Task requirements:
Write out, from the entries below, exactly the lines that run between the lines holding "מחסנים השכרה בכפר קאסם חמזה" and "La Cachette Rouge", inclusive, and stop there.

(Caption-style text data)

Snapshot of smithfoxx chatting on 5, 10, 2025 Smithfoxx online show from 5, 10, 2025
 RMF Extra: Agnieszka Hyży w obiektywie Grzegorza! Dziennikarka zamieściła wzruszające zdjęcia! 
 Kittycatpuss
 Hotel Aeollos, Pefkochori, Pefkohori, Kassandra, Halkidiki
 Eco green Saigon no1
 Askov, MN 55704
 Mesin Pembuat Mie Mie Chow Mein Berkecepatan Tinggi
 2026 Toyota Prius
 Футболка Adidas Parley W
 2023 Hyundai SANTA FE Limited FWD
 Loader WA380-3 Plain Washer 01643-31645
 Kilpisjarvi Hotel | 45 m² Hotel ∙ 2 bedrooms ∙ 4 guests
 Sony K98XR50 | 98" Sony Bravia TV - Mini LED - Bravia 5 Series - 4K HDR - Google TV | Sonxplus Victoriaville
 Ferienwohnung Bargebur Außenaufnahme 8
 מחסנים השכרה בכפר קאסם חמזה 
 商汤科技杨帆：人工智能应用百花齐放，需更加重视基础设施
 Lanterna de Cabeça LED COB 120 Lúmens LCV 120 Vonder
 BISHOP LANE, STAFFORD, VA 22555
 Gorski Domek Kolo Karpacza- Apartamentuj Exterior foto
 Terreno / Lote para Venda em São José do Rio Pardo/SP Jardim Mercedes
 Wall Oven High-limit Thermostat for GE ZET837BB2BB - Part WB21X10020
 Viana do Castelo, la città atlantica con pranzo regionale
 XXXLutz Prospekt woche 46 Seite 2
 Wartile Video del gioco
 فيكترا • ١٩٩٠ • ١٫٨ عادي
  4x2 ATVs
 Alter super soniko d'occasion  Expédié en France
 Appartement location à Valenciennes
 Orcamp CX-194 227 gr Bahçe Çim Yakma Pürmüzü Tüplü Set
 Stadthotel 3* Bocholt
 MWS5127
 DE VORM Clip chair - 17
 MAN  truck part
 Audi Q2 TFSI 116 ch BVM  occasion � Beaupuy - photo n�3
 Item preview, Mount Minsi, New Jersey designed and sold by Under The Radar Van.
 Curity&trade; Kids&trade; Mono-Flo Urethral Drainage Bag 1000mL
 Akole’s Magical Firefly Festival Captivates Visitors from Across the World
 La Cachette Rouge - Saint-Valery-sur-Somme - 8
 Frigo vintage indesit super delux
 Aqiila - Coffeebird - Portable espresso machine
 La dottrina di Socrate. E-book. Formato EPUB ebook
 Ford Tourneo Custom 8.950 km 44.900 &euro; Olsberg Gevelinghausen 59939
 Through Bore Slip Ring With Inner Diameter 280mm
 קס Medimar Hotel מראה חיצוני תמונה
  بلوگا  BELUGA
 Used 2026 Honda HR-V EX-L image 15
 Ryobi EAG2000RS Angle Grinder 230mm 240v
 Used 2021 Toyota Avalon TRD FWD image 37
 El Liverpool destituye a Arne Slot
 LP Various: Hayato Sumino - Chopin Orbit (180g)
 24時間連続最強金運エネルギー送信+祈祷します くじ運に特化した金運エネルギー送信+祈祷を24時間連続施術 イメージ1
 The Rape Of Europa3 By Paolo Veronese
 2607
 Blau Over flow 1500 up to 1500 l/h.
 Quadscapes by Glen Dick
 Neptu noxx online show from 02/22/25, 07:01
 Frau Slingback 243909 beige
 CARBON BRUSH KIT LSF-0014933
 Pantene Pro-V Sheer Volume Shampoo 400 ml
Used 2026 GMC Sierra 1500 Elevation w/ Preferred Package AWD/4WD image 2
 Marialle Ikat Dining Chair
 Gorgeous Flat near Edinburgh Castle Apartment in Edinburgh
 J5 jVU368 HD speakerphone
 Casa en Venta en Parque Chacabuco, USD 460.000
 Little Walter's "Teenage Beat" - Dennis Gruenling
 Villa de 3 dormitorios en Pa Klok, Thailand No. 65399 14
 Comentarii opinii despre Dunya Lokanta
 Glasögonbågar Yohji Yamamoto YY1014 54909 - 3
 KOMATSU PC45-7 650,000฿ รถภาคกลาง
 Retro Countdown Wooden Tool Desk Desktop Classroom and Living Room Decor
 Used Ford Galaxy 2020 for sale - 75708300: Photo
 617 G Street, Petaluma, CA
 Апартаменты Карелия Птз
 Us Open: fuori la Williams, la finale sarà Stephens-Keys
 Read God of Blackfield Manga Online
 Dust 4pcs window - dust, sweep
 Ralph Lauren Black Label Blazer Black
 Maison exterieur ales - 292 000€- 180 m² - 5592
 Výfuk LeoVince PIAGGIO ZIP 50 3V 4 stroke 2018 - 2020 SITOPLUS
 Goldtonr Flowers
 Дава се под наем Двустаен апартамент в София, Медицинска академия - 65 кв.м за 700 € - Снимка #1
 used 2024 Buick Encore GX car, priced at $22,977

Response:
 מחסנים השכרה בכפר קאסם חמזה 
 商汤科技杨帆：人工智能应用百花齐放，需更加重视基础设施
 Lanterna de Cabeça LED COB 120 Lúmens LCV 120 Vonder
 BISHOP LANE, STAFFORD, VA 22555
 Gorski Domek Kolo Karpacza- Apartamentuj Exterior foto
 Terreno / Lote para Venda em São José do Rio Pardo/SP Jardim Mercedes
 Wall Oven High-limit Thermostat for GE ZET837BB2BB - Part WB21X10020
 Viana do Castelo, la città atlantica con pranzo regionale
 XXXLutz Prospekt woche 46 Seite 2
 Wartile Video del gioco
 فيكترا • ١٩٩٠ • ١٫٨ عادي
  4x2 ATVs
 Alter super soniko d'occasion  Expédié en France
 Appartement location à Valenciennes
 Orcamp CX-194 227 gr Bahçe Çim Yakma Pürmüzü Tüplü Set
 Stadthotel 3* Bocholt
 MWS5127
 DE VORM Clip chair - 17
 MAN  truck part
 Audi Q2 TFSI 116 ch BVM  occasion � Beaupuy - photo n�3
 Item preview, Mount Minsi, New Jersey designed and sold by Under The Radar Van.
 Curity&trade; Kids&trade; Mono-Flo Urethral Drainage Bag 1000mL
 Akole’s Magical Firefly Festival Captivates Visitors from Across the World
 La Cachette Rouge - Saint-Valery-sur-Somme - 8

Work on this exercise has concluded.